ACTIVITY: Down to the last line, reproduce the data that follows, but skip the pictures.

BEGIN INFORMATION SHOWN

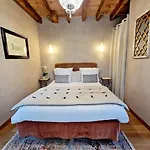 Maison De Jeanne * Sarlat-la-Caneda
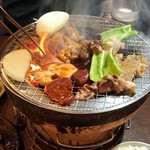 福山駅前酒場　情熱ホルモン - お肉を焼いています　※拡大(2018.07.10)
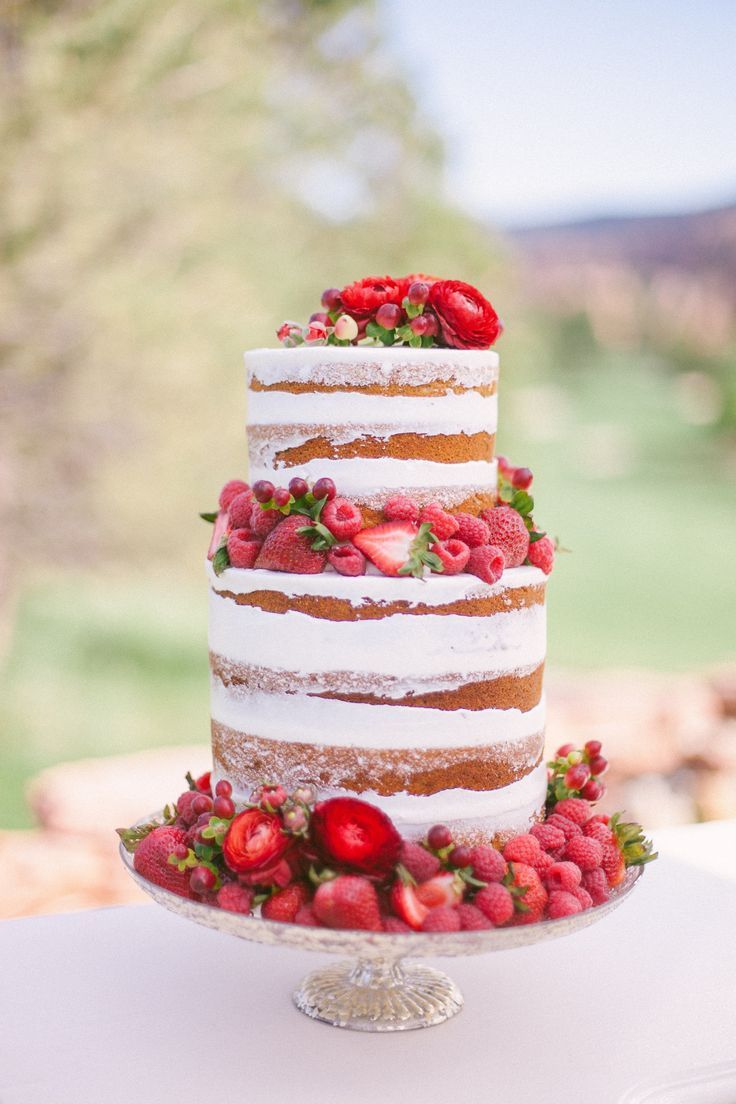 "Ruby-Like Radiance: Adorable Wedding Cake Abundant with Strawberries ♡"にて紹介している画像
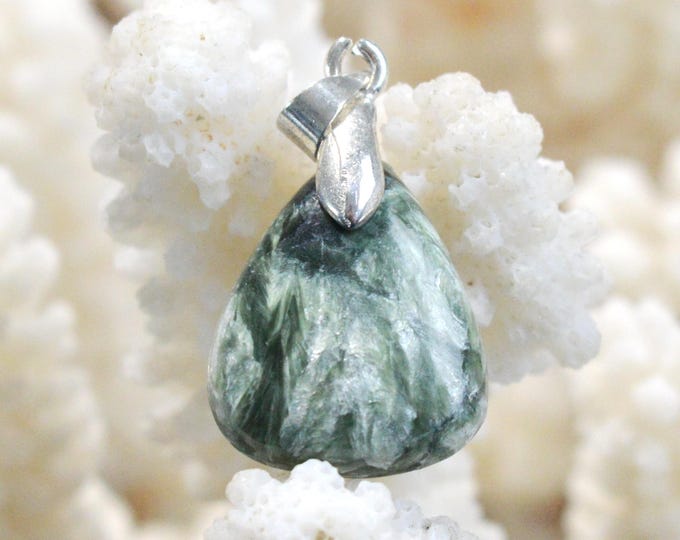 Seraphinite 11 carat - natural stone cabochon pendant - Russia / FV27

END INFORMATION SHOWN

ANSWER TO THIS TASK:
 Maison De Jeanne * Sarlat-la-Caneda
 福山駅前酒場　情熱ホルモン - お肉を焼いています　※拡大(2018.07.10)
 "Ruby-Like Radiance: Adorable Wedding Cake Abundant with Strawberries ♡"にて紹介している画像
 Seraphinite 11 carat - natural stone cabochon pendant - Russia / FV27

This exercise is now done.